Sunday, September 30, 2012

    For nonfiction, I am reading an excellent book that came out June 2011, The Psychopath Test by Jon Ronson, who also wrote The Men Who Stare At Goats, later made into a movie, and Them, about fringe cults in America. The psychopath test, invented by psychologist John Hare, is a checklist of "attributes that psychopaths possess" although all of us have them to some degree, and psychopaths are excellent at manipulating people, so it's not exactly an infallible tool.  The unvarying condition of all psychopaths though, is lack of empathy;
           
                        "(She) was interviewing a psychopath once.
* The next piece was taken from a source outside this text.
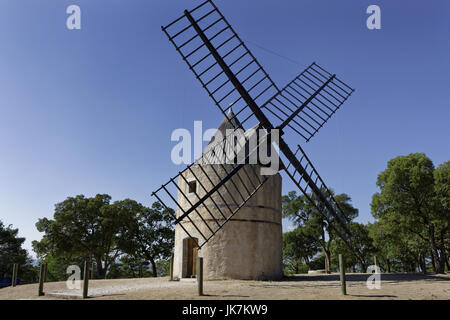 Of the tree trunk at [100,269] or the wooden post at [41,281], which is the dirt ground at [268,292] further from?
the tree trunk at [100,269]

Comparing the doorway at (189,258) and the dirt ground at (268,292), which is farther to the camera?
the doorway at (189,258)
She showed him a picture of a frightened face  and asked him to identify the emotion. He said he didn't know what the emotion was but it was the face people pulled just before he killed them."

     Anyway the book is told first-person story style and is funny and interesting.
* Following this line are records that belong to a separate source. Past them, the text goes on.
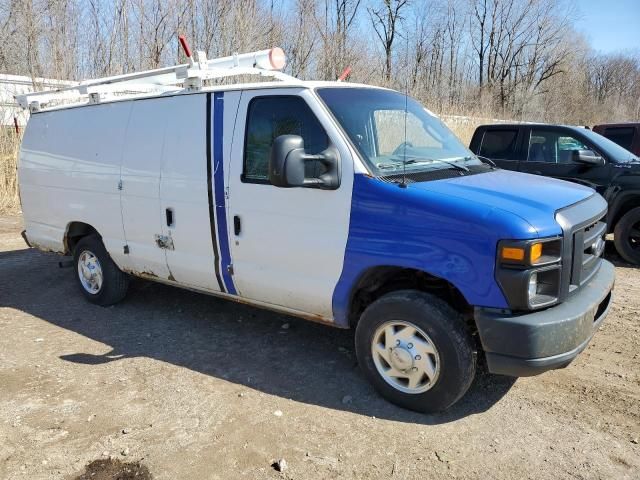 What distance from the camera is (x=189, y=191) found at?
14.8 ft

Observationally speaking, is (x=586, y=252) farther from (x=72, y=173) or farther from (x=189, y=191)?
(x=72, y=173)

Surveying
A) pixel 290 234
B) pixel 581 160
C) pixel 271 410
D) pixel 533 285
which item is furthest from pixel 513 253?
pixel 581 160

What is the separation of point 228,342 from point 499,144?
5.89 meters

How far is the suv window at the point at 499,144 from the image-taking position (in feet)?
28.0

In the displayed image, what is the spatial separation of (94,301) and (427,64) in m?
28.8

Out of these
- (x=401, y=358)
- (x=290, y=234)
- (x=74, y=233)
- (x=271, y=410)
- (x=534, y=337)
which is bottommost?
(x=271, y=410)

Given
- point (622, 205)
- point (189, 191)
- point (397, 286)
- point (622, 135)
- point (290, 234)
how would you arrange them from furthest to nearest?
point (622, 135), point (622, 205), point (189, 191), point (290, 234), point (397, 286)

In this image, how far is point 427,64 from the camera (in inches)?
1227

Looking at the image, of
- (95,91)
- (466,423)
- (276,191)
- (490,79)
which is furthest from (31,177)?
(490,79)

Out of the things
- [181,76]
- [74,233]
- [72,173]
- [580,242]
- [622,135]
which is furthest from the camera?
[622,135]

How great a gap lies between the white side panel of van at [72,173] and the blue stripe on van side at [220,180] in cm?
127

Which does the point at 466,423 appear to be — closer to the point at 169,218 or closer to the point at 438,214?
the point at 438,214

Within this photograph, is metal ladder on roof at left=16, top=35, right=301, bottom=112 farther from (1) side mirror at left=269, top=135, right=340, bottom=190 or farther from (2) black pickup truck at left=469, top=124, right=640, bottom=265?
(2) black pickup truck at left=469, top=124, right=640, bottom=265

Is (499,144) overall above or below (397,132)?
below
    Another book that came out about the same time, The Hottest Dishes of Tartar Cuisine by Alina Brodsky, is another first person narrative, fiction this time, by one bazinga of an old lady, set in modern day Russia. Actually she's middle-aged, but she keeps things moving, especially with her completely cowed daughter and her grandaughter. This one is pretty funny too, mainly because you can't believe some of the things this old bat does. Reminds me of some of Ruth Rendell's old ladies.
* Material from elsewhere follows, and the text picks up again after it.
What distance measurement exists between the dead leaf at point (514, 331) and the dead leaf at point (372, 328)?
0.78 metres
Tuesday, September 18, 2012

  I just finished a couple of very good new books this week. The first one, The Last Kind Words by Tom Piccirilli, is a small town murder mystery told in the first person by one of the younger members of the Rand clan, famous for being local thieves, but never violent. One of them, however, DOES go on a killing spree, but is framed for an additional murder which someone else committed. Disentangling this is the story line. Needless to say the Rands are all very Damon-Runyonesque and amusing, especially to someone who's never had a break-in at their place of residence. Anyway, it's still an interesting, well paced book.

Next is Syndrome E, by Franck Thilliez, a French writer, very fast paced and interesting. Its starting point is a mysterious old film short that makes people commit suicide after watching it (shades of The Ring!). The assigned detective team is a psychologically-damaged older man and single-mother younger detective combination, fairly common, but they split up often enough to keep things moving. The translator seems to want to make sure he or she doesn't miss a single idiom, but otherwise it's excellent, and unusual.